Leave the pictures out and repeat the rest of the data below exactly.

- Information provided:
- Opening Delimiter -

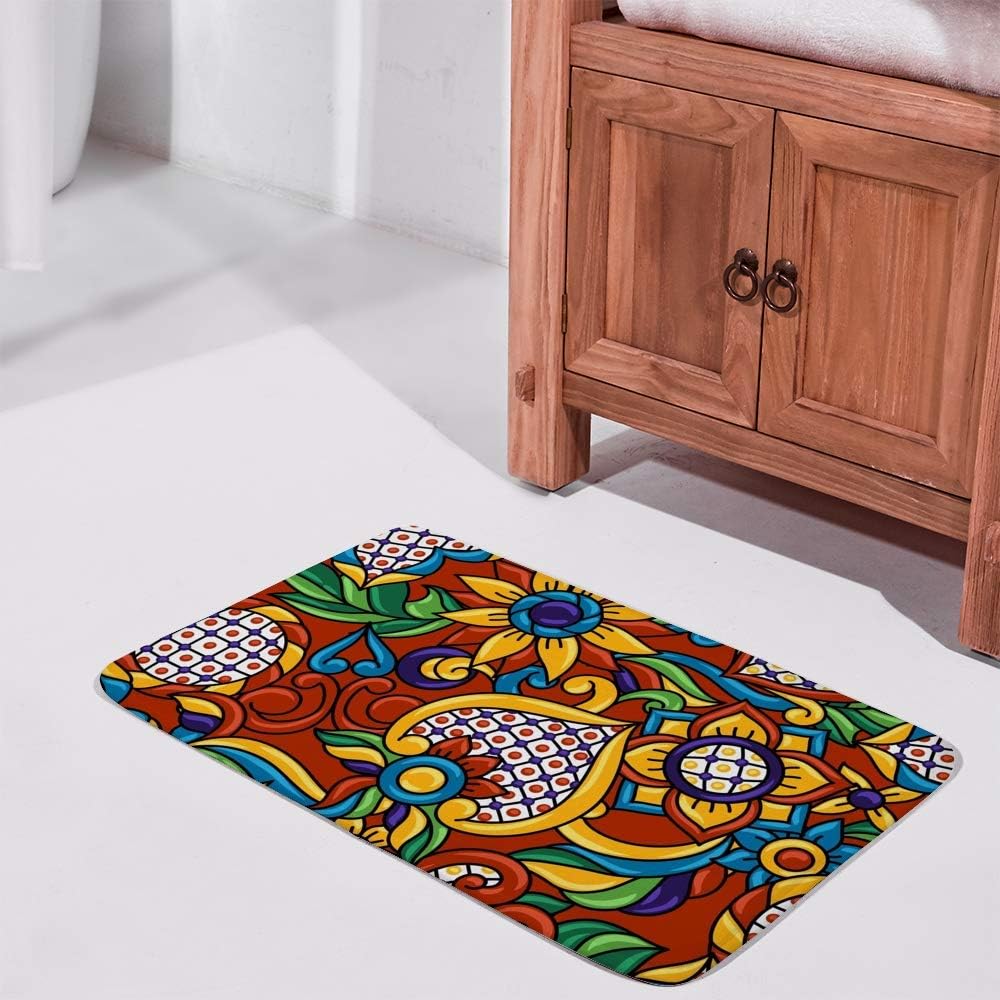 Alfombra de baño antideslizante y absorbente de agua, de terciopelo coral, lavable a máquina, espuma viscoelástica, talavera mexicana, étnica y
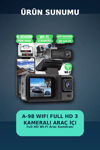 1080P Full HD 3 Kameralı Araç İçi Kayıt Kamerası Seti Wi-Fi ve Park Modu Özellikli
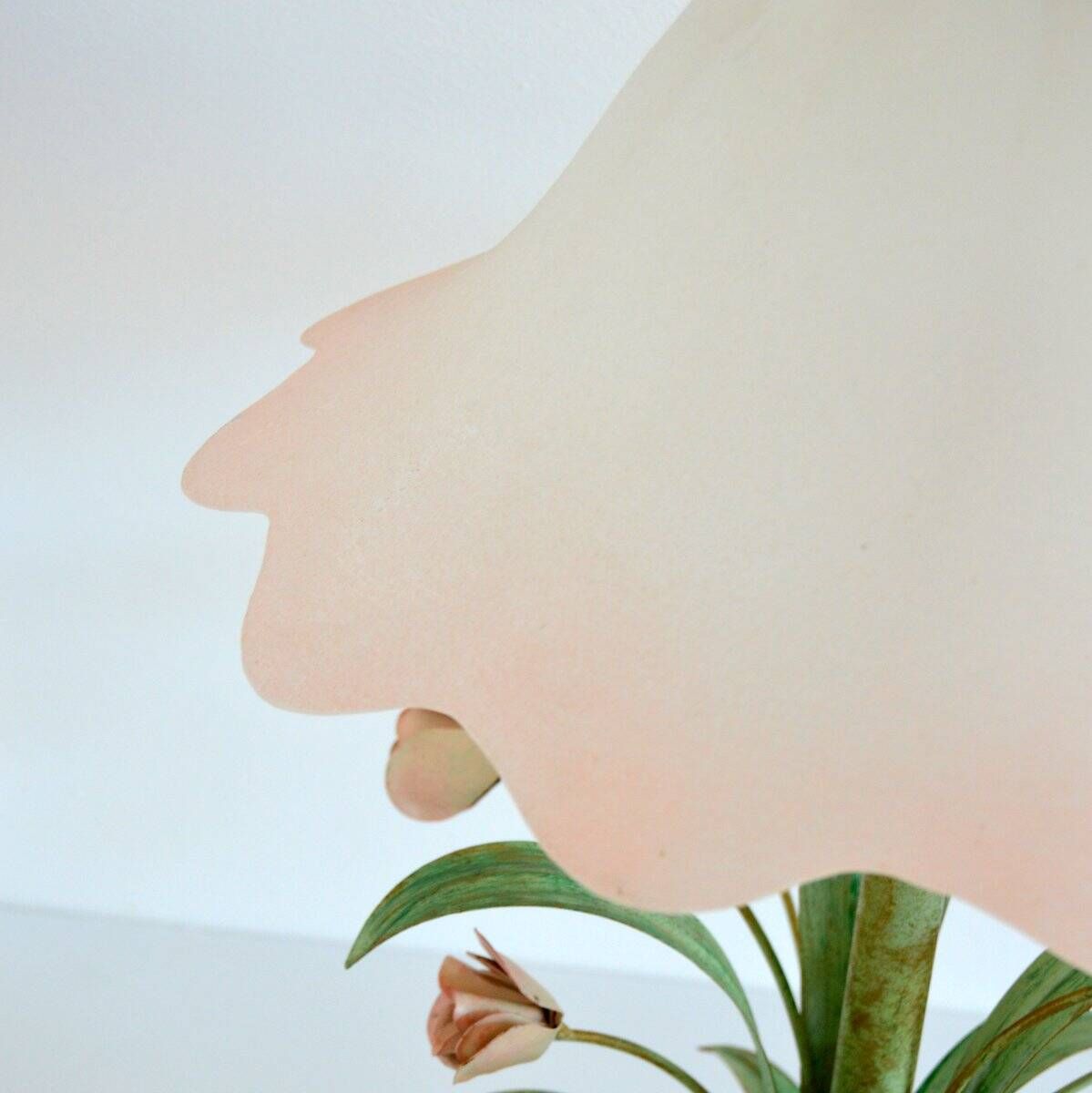 Lampe de table bouquet de fleurs / Roses fer forgé 1960 vintage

- Closing Delimiter -

- Result of this exercise:
 Alfombra de baño antideslizante y absorbente de agua, de terciopelo coral, lavable a máquina, espuma viscoelástica, talavera mexicana, étnica y
 1080P Full HD 3 Kameralı Araç İçi Kayıt Kamerası Seti Wi-Fi ve Park Modu Özellikli
 Lampe de table bouquet de fleurs / Roses fer forgé 1960 vintage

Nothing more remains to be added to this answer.